When Celine opened her eyes, her vision was blurred. She could just make out the clock on the mustard-yellow wall of her hospital room. Her racket arm felt heavy, immobile. Blinking back the fog, she fought to recognize the dark figure that hovered nearby. O Lord, no. Please don't let this happen.
It was Coach, gazing at the bent cast before her. He wasn't smiling.
Unclenching the Fist
"In his heart a man plans his course, but the Lord determines his steps" (Proverbs 16:9).
It's completely natural for you to have aspirations for the future. If you didn't, you'd be a boulder. The issue is not about not having plans.
It's all about how you hold them.
If you hold them tight, they could be torn from your hand in the most painful way. That's particularly true if you allow your plans to swell your head with pride (James 4:13-16). God is a humble God. He simply cannot allow pride to rule in the hearts of his children.
Hold your plans toward heaven on an open palm. When your sovereign God sees fit to change them, it won't be nearly as painful. Proverbs 3:5-6 describes an open-palmed approach:
"Lean not on your own understanding; in all your ways acknowledge him, and he will make your paths straight."

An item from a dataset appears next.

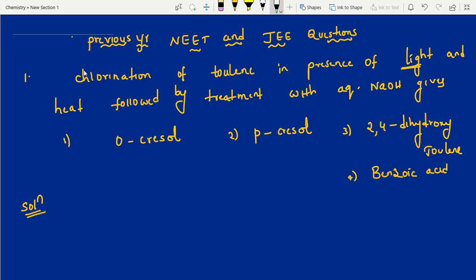Hi students, in this session I am going to discuss haloalkanes and haloarenes previous year NEET and JEE questions. I have already uploaded one video on this topic. This is the next video. For the organic part, who is confused — pre-agents of first and second year I have uploaded. Please go through the channel, go through the important points, prepare well, and then come back to this video.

You've got to believe that God is not a killjoy. Read that again. He wants to fill your heart with more joy than you could imagine. But his way of getting you there often takes a different road than you'd expect:
"For my thoughts are not your thoughts, neither your ways my ways," declares the Lord. "As the heavens are higher than the earth, so are my ways higher than your ways." (Isaiah 55:8-9)
An open palm willingly accepts the higher road. Time to unclench the fist.
Too Many Expectations
When moving into new situations, you probably have the tendency to picture in your mind how you expect things to be. We all do. But rarely does your imagination come anywhere close to reality. With everything from wishing for a spacious bathroom in your dorm to determining the color of your future spouse's hair, expectations have a way of creeping into your soul by the hundreds. Ouch. Not only do you narrow your opportunities—what happens if you meet a lovely redhead?—but also you set yourself up for constant disappointment.
This gets really complicated when you start having expectations of people's actions. If you expect Frank to buy lunch because you bought last time, what happens if he forgets? Depending on the intensity of your expectation, you may decide never to have lunch with him again. The mooch. Or what if Caroline doesn't come to the Bible study you prepared so hard for? Will your expectations drive you into coercing her to come the next time? Is that what you want?
Your expectations will be unwanted weights if heaped on people's heads. They'll make you a heavy person to be around.
A less painful, less limiting, less alienating approach is found in Psalm 62:5:
"My soul, wait thou only upon God; for my expectation is from him" (KJV).
Rather than harboring a host of foolish expectations, a personal agenda that is way too long, expect Jesus to give you the grace to face life as it comes.
Let him teach you flexibility and patience, filling your life with open acceptance, quiet approachability, and smooth transitions.
That's the life Jesus himself enjoyed. Think of all the people who clamored for his time, his healing touch, or his wisdom. He calmly handled it all as it came, person by person, with no selfish agenda. He never manipulated, never flew into a flap. He was so approachable that children loved to hover around his knees. His only expectation was to please his Father—wherever that took him (John 8:29).
That's the life Jesus wants you to enjoy—a life of simple but great expectations.